Enluminures et cinématographie

Après Homère et la mythologie, faisons un saut jusqu’à l’époque médiévale. Écrit par un moine anglais au VIIIe siècle, le Liber monstrorum de diuersis generibus (ouvrage cité dans « Le nom de la rose » d’Umberto Eco) fait référence aux sirènes. Sur des enluminures ou des chapiteaux, elles sont dessinées, conservant leurs ailes et leurs pattes griffues. L’auteur évoque leur « queue de poisson couverte d’écailles avec laquelle elles vivent en sécurité dans l’eau » et en fait des « êtres doués de raison ».

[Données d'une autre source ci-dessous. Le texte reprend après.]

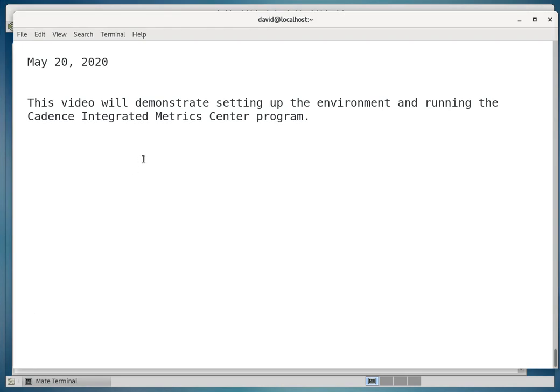Hello, we're going to make a video, and this video will demonstrate setting up the environment and running the Cadence Integrated Metric Center program.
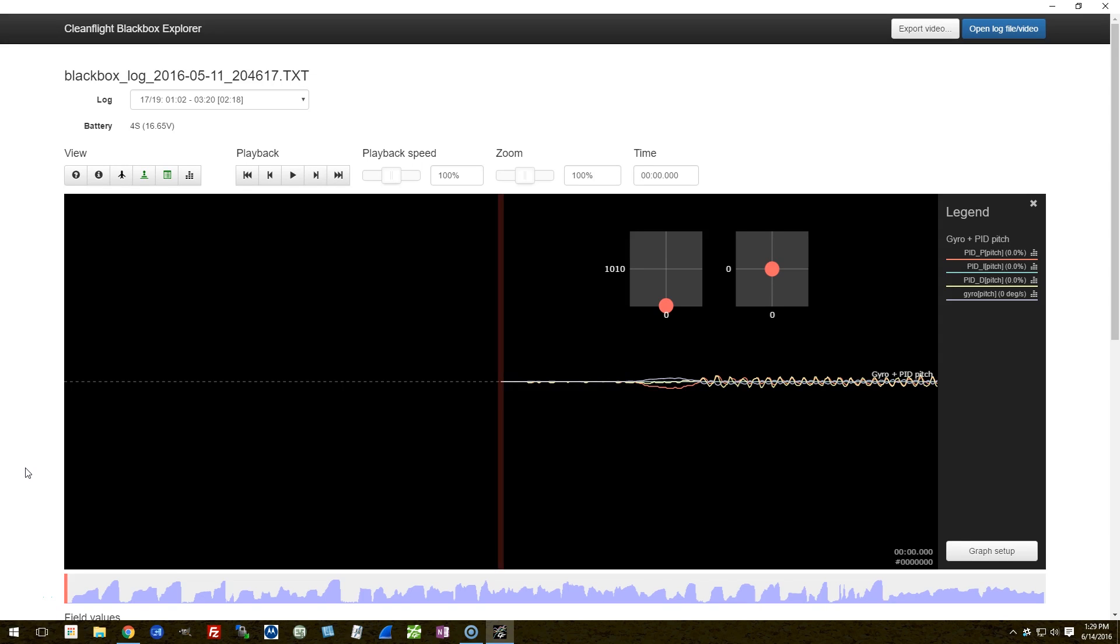In the first three videos of my practical PID tuning series, I took you through the tune of a copter using Betaflight 2.6.1, all the way from the scratch defaults to the mostly final tune—I'd say at least a 90% tune, maybe even a little more.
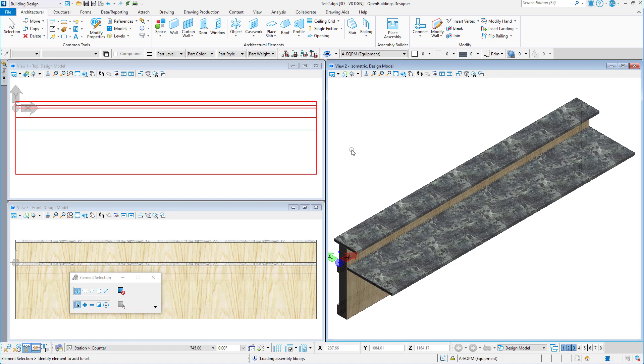Now that we have the parametric cell of the sync created and added into the data group system, we can place it in the model. This cell will be placed using the object tool.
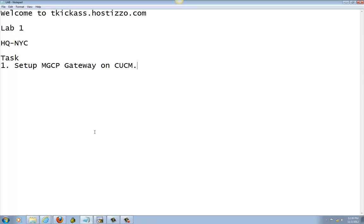Welcome to TKickass.hostizzo.com. Still in Lab 1. Continuing on from the previous video, setting up MGCP gateway inside the router for the headquarters New York City site.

Historique 1Dès lors, des représentations positives ou négatives de la sirène coexistent. Quant au triton, pendant masculin de la sirène, il semble avoir toujours eu cette représentation d’être mi-homme mi-poisson, cohabitant avec la sirène dans l’imagerie médiévale.

Beaucoup plus tard, Hollywood va utiliser l’image de la gentille sirène, avec Ann Blyth en 1948 (« Mr Peabody et la Sirène ») puis Ester Williams, héroïne de « Million Dollar Mermaid » en 1952. De son côté, Disney emploie en Floride une troupe de sirènes dans le lagon de l’attraction Nautilus de 1959 à 1967, alors que son premier dessin animé sur les sirènes remonte à 1932. Les sirènes sont encore et toujours à l’honneur sur le grand écran à ce jour. On les (re)trouve dans un des épisodes de la franchise « Pirates des Caraïbes ». En version maléfique cette fois car en quête de jeunes marins à dévorer… Les sirènes sont aussi présentes dans des séries télévisées (« Siren », « Les sirènes de Mako », etc.), en compagnie parfois de tritons. Tous sont montrés cette fois sous un jour sympathique et vivant aux côtés des hommes…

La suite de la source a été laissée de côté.